Upper Tribunal decided that the Secretary of State’s decisions were unlawful, and made a declaration that M remained on bail in accordance with Bail Order - Secretary of State then appealed, successfully, to CA, which made a declaration that Bail Order invalid and had no effect in law -

M appealed to SC - Appeal raised a question of constitutional importance: whether the government (or, indeed, anyone else) could lawfully act in a manner inconsistent with an order of a judge which is defective, without first applying for, and obtaining, the variation or setting aside of the order –

SC unanimously allowed appeal - Upper Tribunal order quashing the Secretary of State’s decisions and declaring that M remained on bail in accordance with Bail Order, restored –

Said was well-established that a court order had to be obeyed unless and until it had been set aside or varied by the court (or, conceivably, overruled by legislation) - Rule applied to court orders whether they were valid or invalid, regular or irregular - Rationale for rule lay in the rule of law and, more particularly, basic principle that court orders should not be ignored by anyone, including the government -

Rather than applying this rule, CA decided, on the basis of case law concerned with unlawful administrative acts and decisions, Bail Order had no legal effect, and so Secretary of State not required to comply with it - Even in the context of administrative acts and decisions, an over-simplification to say that an unlawful act had no legal effect at all - Were a variety of circumstances in which an unlawful administrative act might have legal consequences - In any event, present case  concerned not with an unlawful administrative act but with an order of a tribunal, and so gives rise to different issues and is governed by different principles -

In this case, even if Bail Order invalid, Secretary of State obliged to comply with it, unless and until it was varied or set aside - Allegation that Bail Order invalid was not, therefore, a relevant defence to M’s application for judicial review - No other basis on which CA reversed Upper Tribunal  decision - Secretary of State did not ask SC to dismiss appeal on other grounds - It follows that M’s appeal should be allowed -

SC added that, even if alleged invalidity of Bail Order had been relevant, not necessarily appropriate to allow Secretary of State to raise this issue in the course of these proceedings - Secretary of State had every opportunity to challenge Bail Order if she considered that it was defective: she could, and should, have raised the matter with First-tier Tribunal, and she could alternatively have applied to Upper Tribunal for permission to apply for judicial review - Had she made such an application,  Upper Tribunal would have taken into account her delay in doing so, and any hardship which might be caused to M, when deciding whether to grant permission and whether to grant a remedy - CA procedure did not allow for consideration of these issues at any stage – Appeal allowed.

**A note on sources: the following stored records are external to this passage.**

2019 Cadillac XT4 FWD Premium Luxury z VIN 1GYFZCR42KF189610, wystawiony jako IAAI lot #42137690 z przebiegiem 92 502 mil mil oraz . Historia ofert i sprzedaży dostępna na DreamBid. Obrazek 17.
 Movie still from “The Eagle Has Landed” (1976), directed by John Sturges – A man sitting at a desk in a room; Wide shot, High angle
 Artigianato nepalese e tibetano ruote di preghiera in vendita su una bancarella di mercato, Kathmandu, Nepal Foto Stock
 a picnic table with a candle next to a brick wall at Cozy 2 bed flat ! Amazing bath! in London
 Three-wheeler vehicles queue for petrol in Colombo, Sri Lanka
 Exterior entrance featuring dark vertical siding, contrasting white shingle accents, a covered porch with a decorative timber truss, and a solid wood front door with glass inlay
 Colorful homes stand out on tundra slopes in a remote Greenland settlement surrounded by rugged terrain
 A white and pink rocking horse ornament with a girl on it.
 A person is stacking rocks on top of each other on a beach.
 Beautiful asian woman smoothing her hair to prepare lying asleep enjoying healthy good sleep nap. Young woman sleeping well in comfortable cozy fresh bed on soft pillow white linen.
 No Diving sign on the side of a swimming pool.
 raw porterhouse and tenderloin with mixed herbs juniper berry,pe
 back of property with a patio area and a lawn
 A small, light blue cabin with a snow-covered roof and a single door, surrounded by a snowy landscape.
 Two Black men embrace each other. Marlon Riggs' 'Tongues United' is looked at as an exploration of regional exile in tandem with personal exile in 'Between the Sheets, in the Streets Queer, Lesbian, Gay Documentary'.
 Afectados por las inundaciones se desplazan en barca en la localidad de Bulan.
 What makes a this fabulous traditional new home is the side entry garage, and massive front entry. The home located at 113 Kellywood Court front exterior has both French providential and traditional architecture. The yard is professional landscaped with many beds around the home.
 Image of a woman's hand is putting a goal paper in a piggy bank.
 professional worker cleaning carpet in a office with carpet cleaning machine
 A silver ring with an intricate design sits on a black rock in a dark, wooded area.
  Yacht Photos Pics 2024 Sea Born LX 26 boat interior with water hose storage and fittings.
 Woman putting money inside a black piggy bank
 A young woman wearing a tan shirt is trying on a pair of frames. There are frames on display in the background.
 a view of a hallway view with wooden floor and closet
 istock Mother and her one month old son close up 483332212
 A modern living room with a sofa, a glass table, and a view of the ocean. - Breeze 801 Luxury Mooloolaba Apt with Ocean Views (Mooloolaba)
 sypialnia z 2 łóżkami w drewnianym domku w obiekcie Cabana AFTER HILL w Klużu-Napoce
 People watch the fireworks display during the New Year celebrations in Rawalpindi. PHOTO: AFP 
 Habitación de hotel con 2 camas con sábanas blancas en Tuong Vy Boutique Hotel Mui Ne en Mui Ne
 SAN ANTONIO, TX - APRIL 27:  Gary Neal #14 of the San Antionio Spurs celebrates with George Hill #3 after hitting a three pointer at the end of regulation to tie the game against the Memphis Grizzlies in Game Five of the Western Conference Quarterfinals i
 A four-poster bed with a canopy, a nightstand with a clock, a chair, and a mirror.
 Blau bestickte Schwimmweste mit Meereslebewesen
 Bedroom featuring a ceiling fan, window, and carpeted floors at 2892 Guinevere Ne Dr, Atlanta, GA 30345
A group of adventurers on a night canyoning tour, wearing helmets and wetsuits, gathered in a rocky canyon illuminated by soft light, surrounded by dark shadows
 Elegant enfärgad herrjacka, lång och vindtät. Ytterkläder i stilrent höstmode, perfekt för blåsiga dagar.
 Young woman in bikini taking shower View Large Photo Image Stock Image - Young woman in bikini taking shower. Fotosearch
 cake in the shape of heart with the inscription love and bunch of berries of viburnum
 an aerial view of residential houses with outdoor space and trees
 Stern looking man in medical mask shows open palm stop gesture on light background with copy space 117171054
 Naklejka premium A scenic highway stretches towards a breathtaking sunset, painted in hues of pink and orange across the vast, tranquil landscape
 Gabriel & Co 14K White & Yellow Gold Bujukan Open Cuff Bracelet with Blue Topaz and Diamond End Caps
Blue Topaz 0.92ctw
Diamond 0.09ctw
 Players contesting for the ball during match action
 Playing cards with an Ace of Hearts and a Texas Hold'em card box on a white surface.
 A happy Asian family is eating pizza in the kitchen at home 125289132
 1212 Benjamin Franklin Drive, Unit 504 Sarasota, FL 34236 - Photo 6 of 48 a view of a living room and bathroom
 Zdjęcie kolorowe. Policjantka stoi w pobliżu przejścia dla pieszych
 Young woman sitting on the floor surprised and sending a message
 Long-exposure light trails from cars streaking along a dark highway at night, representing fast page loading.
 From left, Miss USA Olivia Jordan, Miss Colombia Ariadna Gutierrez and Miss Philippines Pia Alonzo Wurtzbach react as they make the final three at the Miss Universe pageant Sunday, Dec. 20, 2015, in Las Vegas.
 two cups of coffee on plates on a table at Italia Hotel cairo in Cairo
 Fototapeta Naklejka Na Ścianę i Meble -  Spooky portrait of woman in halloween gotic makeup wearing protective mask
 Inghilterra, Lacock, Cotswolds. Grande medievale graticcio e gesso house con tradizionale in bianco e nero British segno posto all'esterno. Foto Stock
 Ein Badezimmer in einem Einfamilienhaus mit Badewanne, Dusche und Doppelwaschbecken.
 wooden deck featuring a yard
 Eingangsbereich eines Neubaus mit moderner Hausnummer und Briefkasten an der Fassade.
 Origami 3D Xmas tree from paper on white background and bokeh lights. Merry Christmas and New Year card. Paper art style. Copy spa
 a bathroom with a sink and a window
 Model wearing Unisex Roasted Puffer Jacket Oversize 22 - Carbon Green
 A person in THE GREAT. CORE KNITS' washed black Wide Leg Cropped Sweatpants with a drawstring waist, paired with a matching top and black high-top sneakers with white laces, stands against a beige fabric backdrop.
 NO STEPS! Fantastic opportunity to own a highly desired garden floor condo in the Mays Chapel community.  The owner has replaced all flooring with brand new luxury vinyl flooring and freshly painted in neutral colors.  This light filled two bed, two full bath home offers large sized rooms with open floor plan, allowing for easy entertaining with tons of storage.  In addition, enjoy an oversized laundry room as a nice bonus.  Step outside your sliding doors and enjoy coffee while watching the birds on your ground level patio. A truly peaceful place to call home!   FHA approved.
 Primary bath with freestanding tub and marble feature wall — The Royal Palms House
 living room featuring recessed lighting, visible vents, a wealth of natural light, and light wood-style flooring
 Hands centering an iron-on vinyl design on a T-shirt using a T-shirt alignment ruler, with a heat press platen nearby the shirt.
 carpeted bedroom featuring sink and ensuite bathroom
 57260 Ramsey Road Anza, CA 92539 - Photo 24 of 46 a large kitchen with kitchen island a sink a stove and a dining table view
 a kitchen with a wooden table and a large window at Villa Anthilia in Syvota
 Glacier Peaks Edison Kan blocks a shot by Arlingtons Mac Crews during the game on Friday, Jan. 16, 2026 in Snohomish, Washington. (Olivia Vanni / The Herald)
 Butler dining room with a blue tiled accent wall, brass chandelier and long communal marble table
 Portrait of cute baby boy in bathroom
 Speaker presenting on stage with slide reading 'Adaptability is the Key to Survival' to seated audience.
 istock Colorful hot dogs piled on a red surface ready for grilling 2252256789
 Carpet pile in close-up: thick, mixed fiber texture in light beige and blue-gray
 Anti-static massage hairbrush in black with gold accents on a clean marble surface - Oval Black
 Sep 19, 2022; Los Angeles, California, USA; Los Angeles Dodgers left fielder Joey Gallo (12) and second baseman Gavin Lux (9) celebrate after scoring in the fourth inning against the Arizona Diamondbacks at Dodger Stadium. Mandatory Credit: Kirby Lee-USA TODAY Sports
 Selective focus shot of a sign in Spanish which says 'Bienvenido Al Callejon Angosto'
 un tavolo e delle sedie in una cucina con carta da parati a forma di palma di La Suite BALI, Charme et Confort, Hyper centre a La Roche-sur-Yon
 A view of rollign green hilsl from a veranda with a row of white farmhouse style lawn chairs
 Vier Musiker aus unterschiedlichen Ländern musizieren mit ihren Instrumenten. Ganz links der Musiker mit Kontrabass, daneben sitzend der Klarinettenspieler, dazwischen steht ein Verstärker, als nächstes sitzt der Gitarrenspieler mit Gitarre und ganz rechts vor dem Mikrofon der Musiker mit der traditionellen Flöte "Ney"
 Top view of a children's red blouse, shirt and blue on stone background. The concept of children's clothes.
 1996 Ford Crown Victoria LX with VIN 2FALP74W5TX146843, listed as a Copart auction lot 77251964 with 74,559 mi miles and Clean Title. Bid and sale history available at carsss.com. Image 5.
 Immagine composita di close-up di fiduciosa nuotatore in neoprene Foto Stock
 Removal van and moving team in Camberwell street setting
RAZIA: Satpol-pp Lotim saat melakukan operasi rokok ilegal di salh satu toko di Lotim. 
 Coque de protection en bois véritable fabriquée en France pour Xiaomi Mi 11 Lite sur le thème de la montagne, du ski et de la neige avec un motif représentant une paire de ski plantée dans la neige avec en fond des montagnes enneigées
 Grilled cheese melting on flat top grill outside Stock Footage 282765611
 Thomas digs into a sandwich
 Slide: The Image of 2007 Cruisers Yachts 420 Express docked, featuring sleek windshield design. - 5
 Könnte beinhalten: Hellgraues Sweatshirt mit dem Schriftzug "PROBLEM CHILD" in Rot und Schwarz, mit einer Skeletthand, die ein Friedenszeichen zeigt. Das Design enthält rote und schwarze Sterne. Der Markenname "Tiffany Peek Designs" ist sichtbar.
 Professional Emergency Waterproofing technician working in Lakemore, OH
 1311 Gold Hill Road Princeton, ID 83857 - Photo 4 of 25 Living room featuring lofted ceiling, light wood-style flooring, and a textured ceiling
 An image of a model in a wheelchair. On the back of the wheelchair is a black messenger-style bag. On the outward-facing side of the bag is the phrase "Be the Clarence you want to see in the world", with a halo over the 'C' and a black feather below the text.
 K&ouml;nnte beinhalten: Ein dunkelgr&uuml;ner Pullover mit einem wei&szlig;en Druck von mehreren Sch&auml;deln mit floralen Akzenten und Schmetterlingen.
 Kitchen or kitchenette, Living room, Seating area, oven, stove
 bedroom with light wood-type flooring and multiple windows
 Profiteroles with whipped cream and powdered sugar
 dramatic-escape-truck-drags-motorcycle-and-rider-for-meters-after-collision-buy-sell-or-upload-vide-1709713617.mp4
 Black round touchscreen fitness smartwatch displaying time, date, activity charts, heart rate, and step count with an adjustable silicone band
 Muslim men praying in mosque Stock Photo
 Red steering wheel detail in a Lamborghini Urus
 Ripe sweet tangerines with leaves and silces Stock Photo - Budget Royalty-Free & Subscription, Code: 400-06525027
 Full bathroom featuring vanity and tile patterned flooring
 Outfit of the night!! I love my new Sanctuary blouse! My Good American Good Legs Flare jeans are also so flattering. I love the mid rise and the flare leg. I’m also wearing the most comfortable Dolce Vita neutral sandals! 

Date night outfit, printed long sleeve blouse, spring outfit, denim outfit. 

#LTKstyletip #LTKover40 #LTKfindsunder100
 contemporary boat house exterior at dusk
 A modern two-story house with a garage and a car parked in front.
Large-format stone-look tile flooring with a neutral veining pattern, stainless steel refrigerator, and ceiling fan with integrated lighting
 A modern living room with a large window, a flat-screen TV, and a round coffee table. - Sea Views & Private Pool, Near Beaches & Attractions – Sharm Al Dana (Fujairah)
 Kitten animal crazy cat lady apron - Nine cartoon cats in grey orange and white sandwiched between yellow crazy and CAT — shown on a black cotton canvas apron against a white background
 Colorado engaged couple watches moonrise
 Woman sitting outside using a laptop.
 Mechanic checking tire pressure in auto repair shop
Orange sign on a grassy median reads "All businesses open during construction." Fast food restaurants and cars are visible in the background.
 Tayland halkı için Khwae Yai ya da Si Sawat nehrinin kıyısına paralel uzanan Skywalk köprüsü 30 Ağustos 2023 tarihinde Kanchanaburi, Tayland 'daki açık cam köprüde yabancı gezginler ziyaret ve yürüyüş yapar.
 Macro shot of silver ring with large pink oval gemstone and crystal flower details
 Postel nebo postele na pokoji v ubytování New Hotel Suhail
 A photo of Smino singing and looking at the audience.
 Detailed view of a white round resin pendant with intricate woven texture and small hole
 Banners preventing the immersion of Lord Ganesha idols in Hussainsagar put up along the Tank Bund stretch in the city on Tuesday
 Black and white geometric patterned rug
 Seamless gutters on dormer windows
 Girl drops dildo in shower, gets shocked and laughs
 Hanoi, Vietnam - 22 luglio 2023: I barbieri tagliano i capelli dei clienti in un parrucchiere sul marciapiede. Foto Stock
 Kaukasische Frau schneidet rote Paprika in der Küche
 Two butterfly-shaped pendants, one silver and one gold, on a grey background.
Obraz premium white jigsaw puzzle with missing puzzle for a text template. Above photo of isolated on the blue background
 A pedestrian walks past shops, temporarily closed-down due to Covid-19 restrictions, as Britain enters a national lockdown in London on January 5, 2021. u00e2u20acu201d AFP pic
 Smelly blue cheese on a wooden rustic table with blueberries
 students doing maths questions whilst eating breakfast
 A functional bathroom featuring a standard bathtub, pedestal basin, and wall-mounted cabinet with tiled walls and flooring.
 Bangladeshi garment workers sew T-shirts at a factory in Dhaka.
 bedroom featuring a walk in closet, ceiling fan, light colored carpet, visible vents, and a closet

Service of proceedings, tort gateway, foreign law

FS Cairo (Nile Plaza) v Lay Brownlie [2021] UKSC 45 (20 October 2021)

Unsuccessful appeal from CA - In January 2010, Lady B and her husband, Sir Ian Brownlie QC, were on holiday in Egypt - Stayed at Four Seasons Hotel Cairo at Nile Plaza - On 3 January 2010, they went on a guided driving tour which Lady B booked through the hotel - Vehicle they were travelling in during the tour crashed, killing Sir Ian and seriously injuring Lady B - She issued a claim in England seeking damages in contract and tort - Case reached SC – It said company she was suing not hotel operator and remitted matter to HC -

Lady B successfully sought permission to substitute FS and to serve the proceedings on it out of the jurisdiction – FS appealed on question of whether permission should have been given to serve the proceedings out of the jurisdiction- CA dismissed appeal.

FS raised two issues before the Supreme Court - First (tort gateway issue) was whether Lady B’s tort claims satisfied requirements of the relevant jurisdictional ‘gateway’ in the Civil Procedure Rules (CPR) - Second (foreign law issue) was whether, in order to show that her claims in both contract and tort had a reasonable prospect of success, Lady B had to provide evidence of Egyptian law – SC dismissed FS appeal on both issues.